# PROVIDED MATERIAL
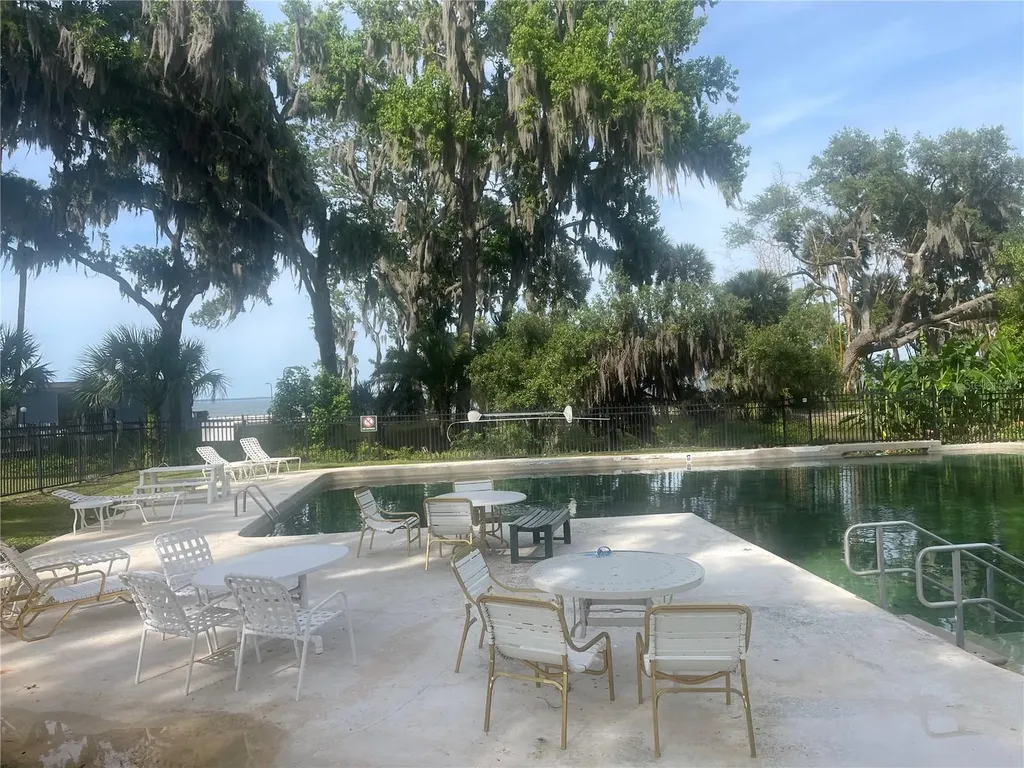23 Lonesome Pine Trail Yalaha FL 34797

...

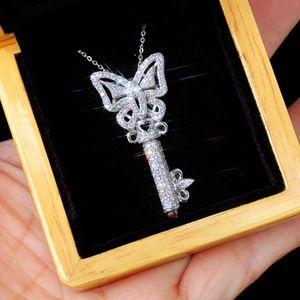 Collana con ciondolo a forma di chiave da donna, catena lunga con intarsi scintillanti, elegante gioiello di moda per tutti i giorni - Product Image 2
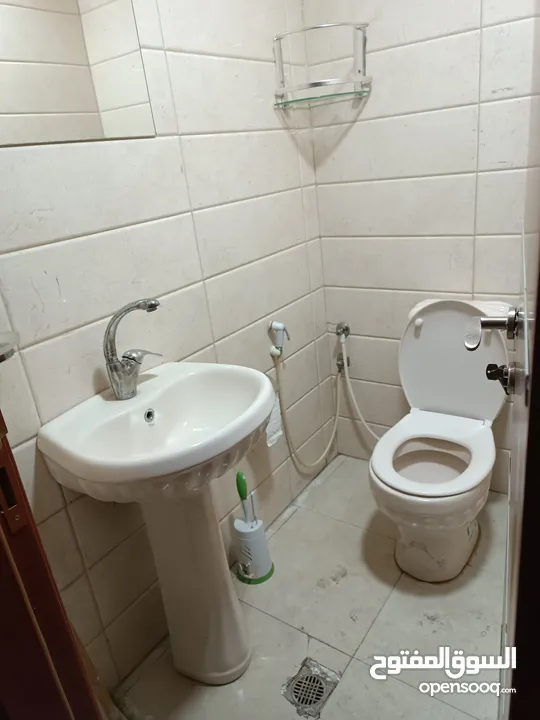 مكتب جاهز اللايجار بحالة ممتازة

--

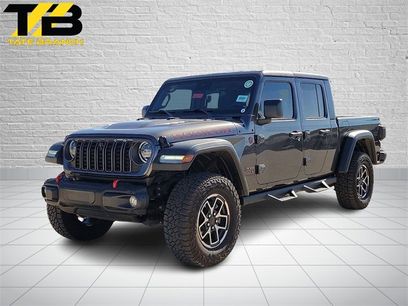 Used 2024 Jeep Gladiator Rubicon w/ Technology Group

# PROBLEM DETAILS
The copy should hold only the lines from the one with "Collana con ciondolo" through the one with "مكتب جاهز اللايجار بحالة ممتازة", exactly as they stand above. Leave out the pictures.

# EXERCISE RESPONSE
 Collana con ciondolo a forma di chiave da donna, catena lunga con intarsi scintillanti, elegante gioiello di moda per tutti i giorni - Product Image 2
 مكتب جاهز اللايجار بحالة ممتازة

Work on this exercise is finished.